The SSE response sends a : keep-alive comment every 15 s of idle so reverse proxies (nginx, ELB, …) don't close the socket.

Observability — Prometheus `/metrics`#

When --http is enabled, /metrics exposes Prometheus text format. No per-topic / per-consumer cardinality (those would explode under a busy session); aggregate counters + gauges are read off the store under one lock per scrape.

Counters:

arcflow_rpc_publish_total
arcflow_rpc_publish_batch_total
arcflow_rpc_publish_batch_events_total (sum of events committed across batches — rate(events) / rate(batches) reports average batch size)
arcflow_rpc_ack_total / arcflow_rpc_nack_total
arcflow_rpc_register_consumer_total / arcflow_rpc_register_group_member_total / arcflow_rpc_drop_consumer_total
arcflow_rpc_unknown_method_total / arcflow_rpc_invalid_json_total / arcflow_rpc_malformed_params_total
arcflow_rpc_typed_errors_total

Gauges (snapshot at scrape time):

arcflow_build_info{version="…"} — constant 1 with the daemon crate version baked into a label. Standard Prometheus convention; use count by (version) (arcflow_build_info) to count daemons by release across a fleet.
arcflow_uptime_seconds — seconds since the daemon started serving traffic. Restart detection: delta(arcflow_uptime_seconds[5m]) < 0.
arcflow_topics
arcflow_consumers
arcflow_consumer_groups
arcflow_dlq_nodes — failed events parked for re-drive
arcflow_sliding_windows
arcflow_max_consumer_lag — worst-case head_seq - last_acked_seq across every durable consumer and consumer group on every topic. Single aggregate gauge by design; per-consumer detail lives in the consumer.list / group.list RPC responses (see below) so the metrics surface stays low-cardinality.
arcflow_active_connections — active client connections across UDS + HTTP. Bounded by --max-connections.

Counters (cont'd):

arcflow_rejected_connections_total — connections refused because --max-connections was full. Any non-zero rate indicates clients silently failing to connect; alarm worthy.
arcflow_wal_checkpoints_total — successful topic.checkpoint calls (manual + automatic). Alarm: rate(...[1h]) == 0 while --auto-checkpoint-secs is set means the compactor stalled.

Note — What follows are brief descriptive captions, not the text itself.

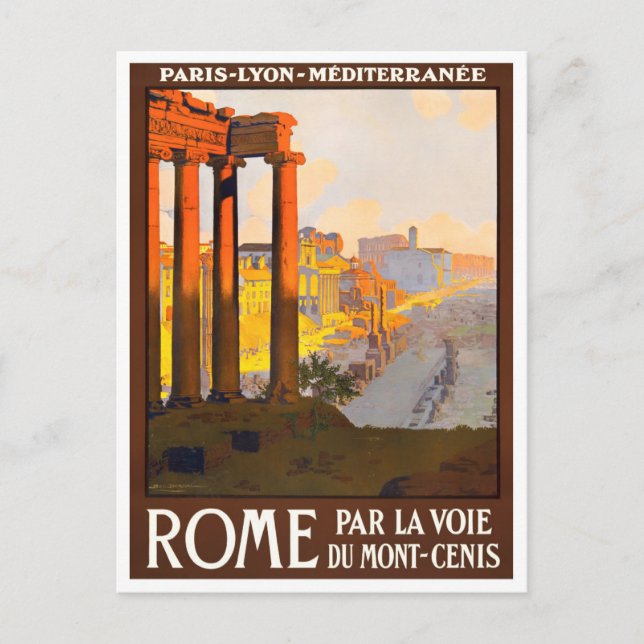 Carte Postale Rome Italie voyage vintage (Devant)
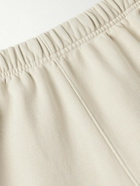 Gallery Dept. - Team Dept Tapered Embroidered Printed Cotton-Jersey Sweatpants - Neutrals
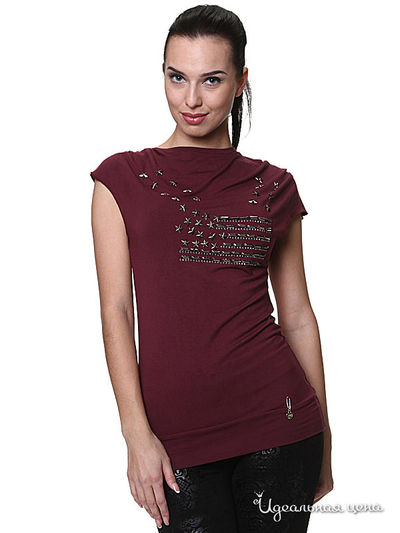 Футболка Eighth Sin, цвет бордовая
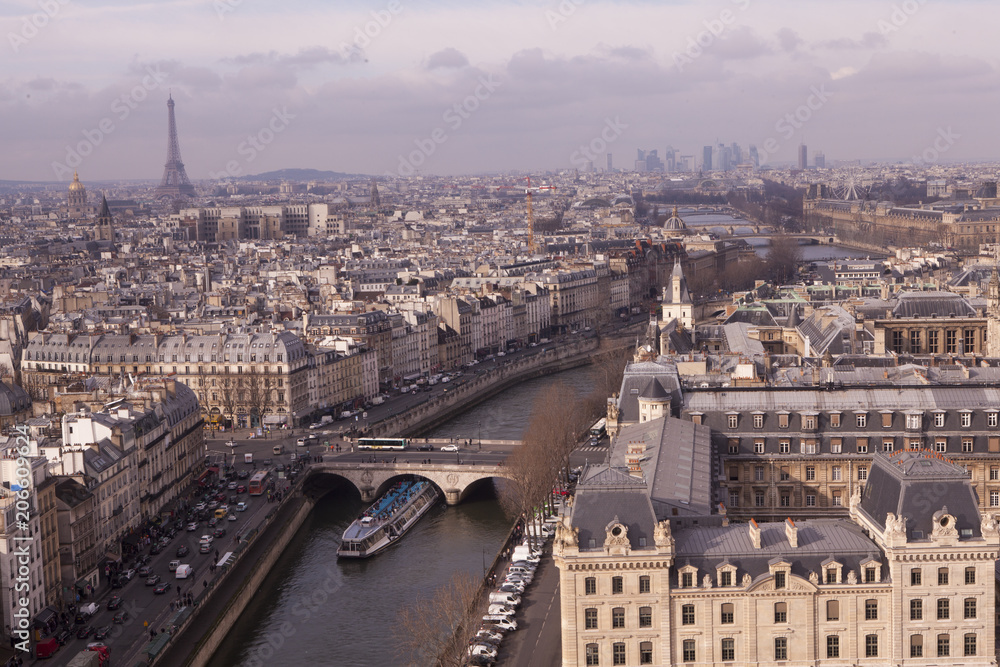 vista aerea de paris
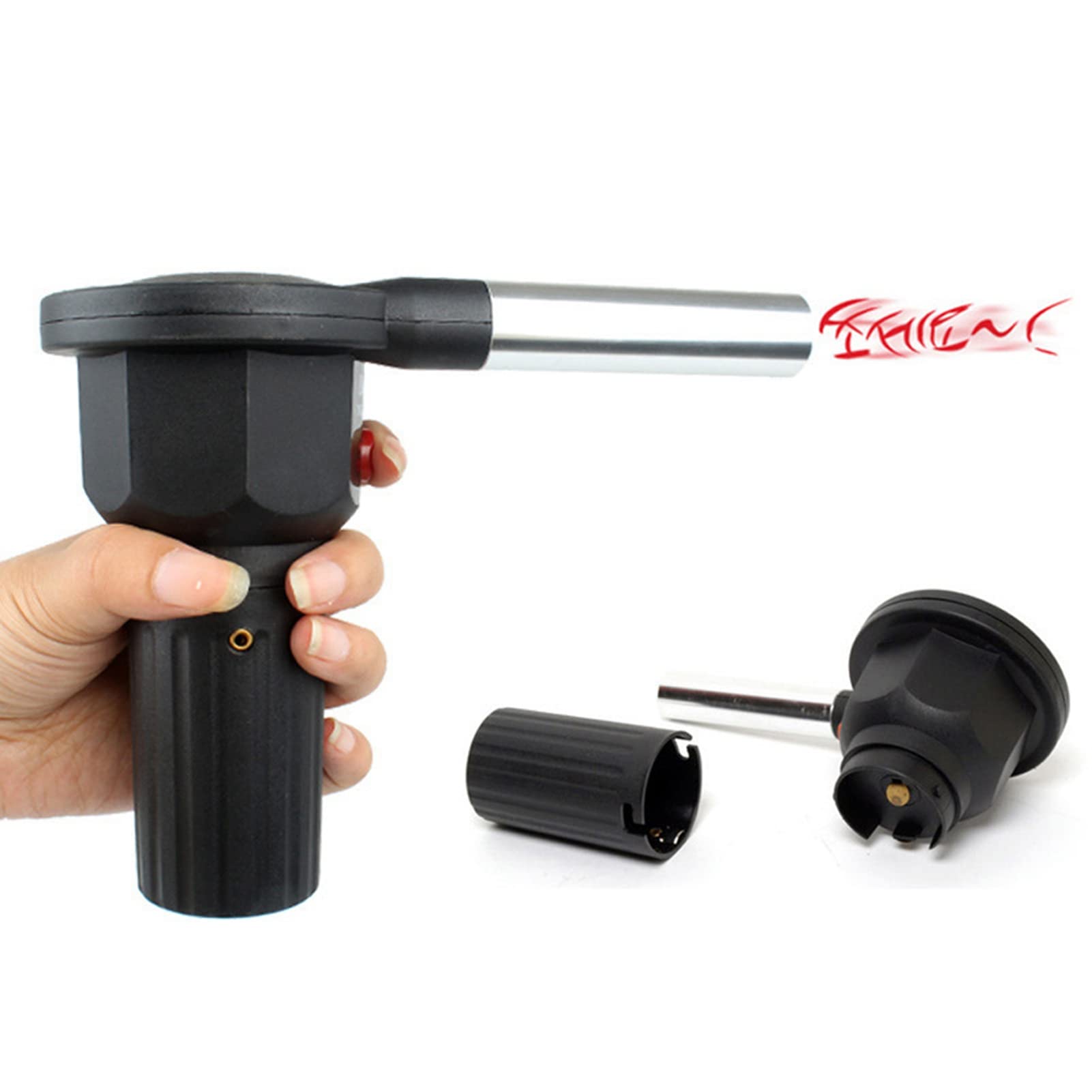 Ventilatore portatile per barbecue alimentato a batteria: uno strumento di accensione facile da usare, perfetto per campeggio all'aperto, barbecue e picnic.
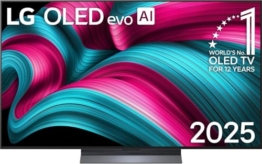 LG OLED55C5ELB TV 55 Zoll (139 cm) 4K OLED evo AI TV (α9 Gen8 4K AI Prozessor, webOS 25, 120Hz (VRR bis zu 144Hz)) [Modelljahr 2025] - 1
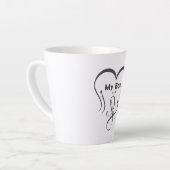 Tasse Latte J'adore mon chéri • Vous = ♥ (Angle gauche)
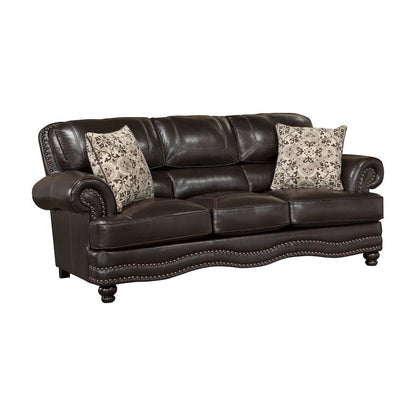 Homelegance  - Milford Sofa in Brown - 9268BRW-3  view 1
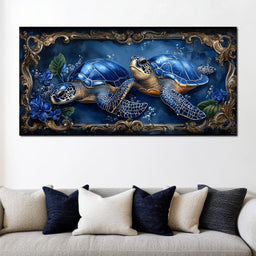 Oceanic Serenity Turtles - NicheCanvas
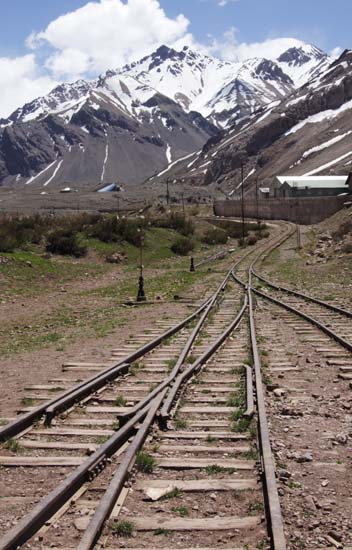 Junction on the Andean Railway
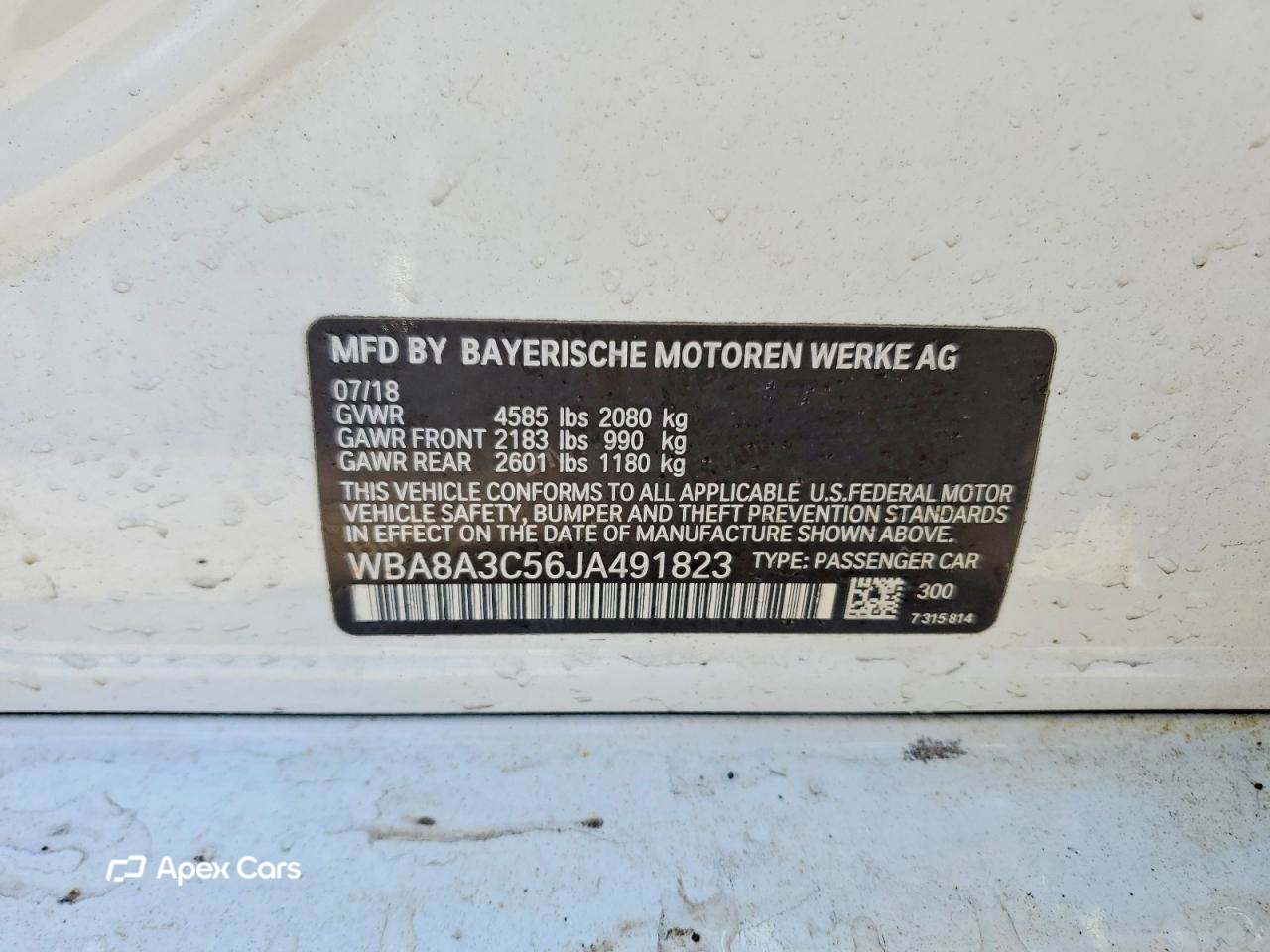 BMW Series 3 2018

WAL durability metrics (only emitted when --data-dir is in use):

Metric	Type	Meaning
`arcflow_wal_replay_entries`	gauge	WAL entries replayed at startup. Set once; never increments mid-process. Restart-cost indicator.
`arcflow_wal_ops_buffered_total`	counter	Ops sent to the disk lane since startup.
`arcflow_wal_ops_flushed_total`	counter	Ops successfully fsynced.
`arcflow_wal_pending`	gauge	Buffered but not flushed. Alarm if persistently above the lane's `flush_count` threshold.
`arcflow_wal_bytes_written_total`	counter	Bytes written to `wal.bin`.
`arcflow_wal_flushes_total`	counter	Fsync cycles completed by the disk lane.
`arcflow_wal_last_flush_us`	gauge	μs of the most recent fsync cycle.

Daemons started without --data-dir emit only arcflow_wal_replay_entries 0 and skip the lane-derived metrics — the WAL infrastructure isn't running in that mode.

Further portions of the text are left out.